Ankara Hukuk Fakültesi’ni bitirdikten sonra Trabzon Adliyesinde hâkim stajı görür.
Hadımköy’de 6 ay süren askerliğin ardından evlenir.
1949’da ilk oğlu doğar. Daha sonraki yıllarda bir kızı, bir oğlu dünyaya gelir.
Balıkesir-Bandırma, Afyon -Sandıklı, Rize- Çayeli’nde hâkim olarak görev yapar.
Bir süre sonra istifa eder. Trabzon’da avukatlık yapar. İstanbul’a taşınınca aynı görevi orada sürdürür.
İstanbul’da sanat hareketlerine katılmaktan geri kalmaz. Şiirleri, çeşitli dergilerde yer alır, kitapları yayımlanır.
MAÇKA
Bir katlı iki katlı evler
Bahçeler içinde
Kiremit kırmızısında
Ağaç yeşilinde
Derenin tahta köprüsü
Şimdi beton
Isınır kertenkele
Temmuz güneşinde
Camicedit mahallesi
Taşmektup sokak
On numaralı hane
Tepe üstünde
Çocukluğumdur hâlâ
Çiziktaşı oynar
Komşu kızlarla
Kapı önlerinde
1948’de İnan’da ilk şiirleri yayımlanan Subutay Hikmet’in ilk kitapları Trabzon’da yayımlanır: Hepsi Bir, Dünyanın Tadı.
Bu kitapları; Ateş Çiçekleri-Beyza’yı Tanır mısınız-Zaman Boyutu-Gece Aydınlığı- Şiirlerle Nasrettin Hoca-Bir Kuşun İki Kanadı…izler.
Anılar’ı büyük bir içtenliğin ürünü olur.
1976’da Saçak adını verdiği dergiyi 29 sayı yayımlar.
Subutay Hikmet’in bütün emeği, merkezi Ankara’da olan Trabzon İli ve İlçeleri Eğitim Kültür ve Sosyal Yardımlaşma Vakfı’nca; 2011’de, Yaşar Miraç’ın çabasıyla “Tüm Şiirleri, Anıları Yaşamı ve Yapıtları”nı içeren 563 sayfalık KİTAB-I HİKMET adlı kitapla okura sunulur.
***
İstanbul’dan Trabzon’a gelişlerinde söyleşir, edebiyatın tepelerine tırmanırdık.

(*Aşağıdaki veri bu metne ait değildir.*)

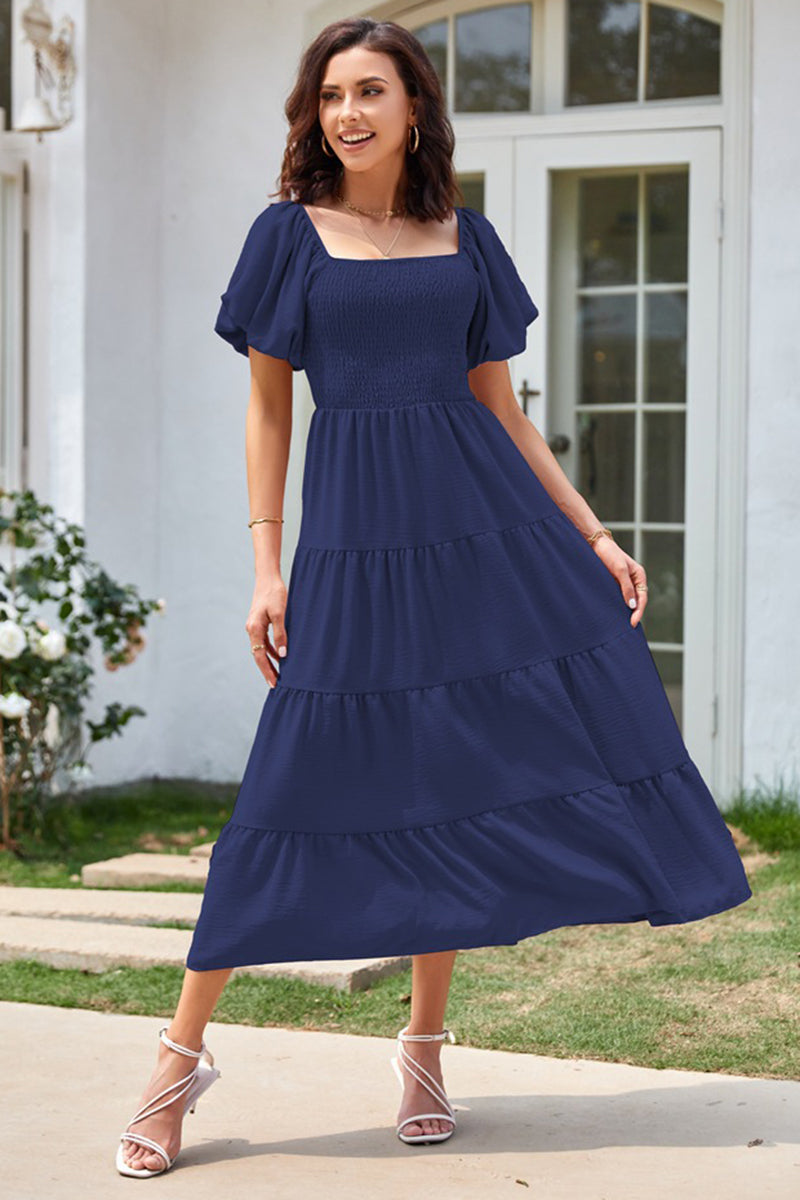 Puff Sleeve Open-Back Midi Dress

Coşkulu, ilgili, şiirle sarmaş dolaş, duyarlı bir şairdi.
İstanbul’da kaldığı evlerde ziyaretine gider, söyleşilerimizi orada sürdürürdük. Cağaloğlu (Abdullah Cevdet İçtihatevinde) ve Acıbadem’de kaldığı evlerde dostlarımla ziyaretine gider, edebiyatın, şiirin güzelliklerini paylaşırdık.
Son görüşmemizde beni kitaplığının olduğu odaya götürdü. “Senin bana yazdığın mektuplarla benim sana yazdıklarımı bir dosya içinde sana vermek istiyorum.” dedi. Uygun gördüm. Ona yazdığım onlarca mektupla, onun bana yazdıkları belgeliğimdedir.
Bir gün sormuştum:
Sevgili Subutay Ağabey, “İstanbul-Maçka arasındaki gönül köprüsü için ne düşünüyorsunuz?”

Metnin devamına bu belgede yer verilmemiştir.